1. Is there enough information to work out the gain of this circuit?

Yes, there is enough information to work out the gain of this circuit.

2. If so, what is the voltage gain of the circuit?

The gain of  this circuit can be calculated by RC/Re, where Re is the  internal resistance of the transistor at BE junction.

3. Is it a good amplifier?

It can be used as a very small signal high gain amplifier but it is not stable.  No, it is not  good as amplifier.

4.  If not, what would you do to mitigate for its limitations?

This amplifier configuration is highly  sensitive to temperature variations as Re is temperature dependent.

The gain will also be very high due to low Re and hence would be unstable.

To get over these limitations , a resistor is RE is added from emitter to ground of the transistor.

This Resistor will add negative feedback at emitter and stabilise the transistor but  reduce the gain.

The Gain now would be RC / (RE + Re).

To make the gain independent of Re, RE is made bigger than Re to make its effect negligible , hence getting over temperature variations.

If a higher gain is still required , for AC signals, a capacitor CE can be added across RE, this will bring back the gain to RC/Re.

• 1. Given the conditions, the transistor should be in its linear region. Assuming small signal voltage gain is what we mean by gain "Av= vout / vs", then we need the Rc value to evaluate Av= beta * Rc / hie (hie is the input impedance in the BJT hybrid parameters model)

2. Av= beta * Rc / hie ( Rs considered negligeable)

3. Very sensitive to temperature variations

4. You can add a resistor between emitter and ground (that will introduce a negative feedback for stabilization) and maybe a capacitor in parallel.
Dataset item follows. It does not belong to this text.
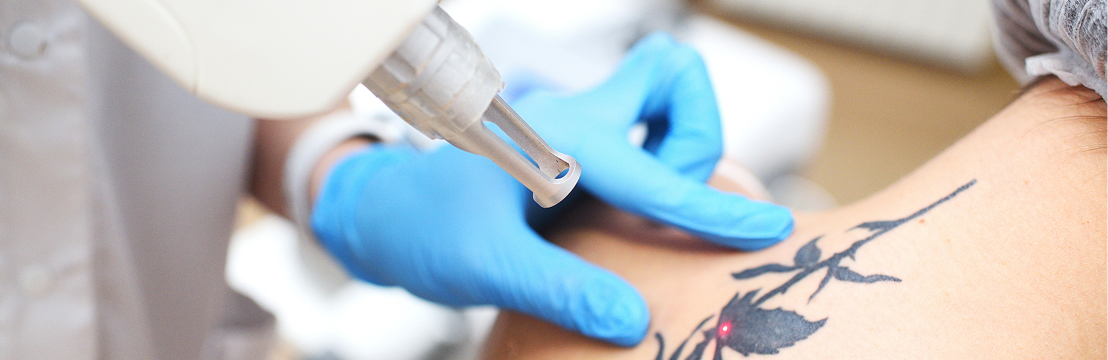 A provider in blue gloves using a laser handpiece on a rose tattoo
• 1. No, the amplification depends on the current gain of the Transistor an on its Base-Emitter diode characteristics.

2. -

3. No, its amplification is very dependent on the actual transistor, and its temperature. The operating point will not be stable and thus the available voltage range at the output is not guaranteed

4. The amplifier should be enhanced by an Emitter resistor to stabilize operating point of the amplifier. If a high gain is desired, an additional R-C in parallel to this emitter resistor will enhance gain.
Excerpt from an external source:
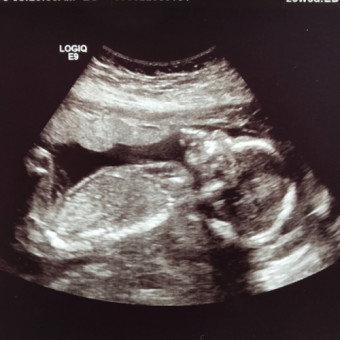 Baby Ziganto Registry Photo.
• 1. No, the amplification depends on the current gain of the Transistor an on its Base-Emitter diode characteristics.

2. -

3. No, its amplification is very dependent on the actual transistor, and its temperature. The operating point will not be stable and thus the available voltage range at the output is not guaranteed

4. The amplifier should be enhanced by an Emitter resistor to stabilize operating point of the amplifier. If a high gain is desired, an additional R-C in parallel to this emitter resistor will enhance gain.

• Thanks Michel for your extensive  explanation on this circuit! Answer to question 1 is correct! A lot can be said when you know the Vout is set at the middle of VCC.
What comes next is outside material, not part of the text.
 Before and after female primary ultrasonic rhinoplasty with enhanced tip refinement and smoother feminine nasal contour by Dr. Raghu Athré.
Concerning questions 2, 3 and 4, some different interpretations / appreciations can be made; we can wait for other feedback to compare their arguments. But your remark related to the temperature effect is true.

• Thanks Doug! Yes, the "gain" mentioned here is of course related to the small signal gain! Your reasoning conducting to the gain estimation is brillant! We will see later how other will describe this circuit! May be some comment from the original author...

• Thanks Rajesh for your prompt reply! Correct to say temperature variation is the weak point of this circuit, which can still be seen as an amplifier since it is capable to magnify a few tens of mV (at Vs) to several volts at Vout with very standard BJTs such as BC107, BC108 or BC109. We will hear from others to conclude further...

• Merci Gaetano! Answers 1, 3 and 4 are fully correct! On question 2, may be if you elaborate further you can come to a gain expression that gives Ac independent of beta (if beta is large, above 80; which is the case with standard BJTs like BC107, BC108 or BC109 having beta of several hundreds. But let's see our coming other feedback!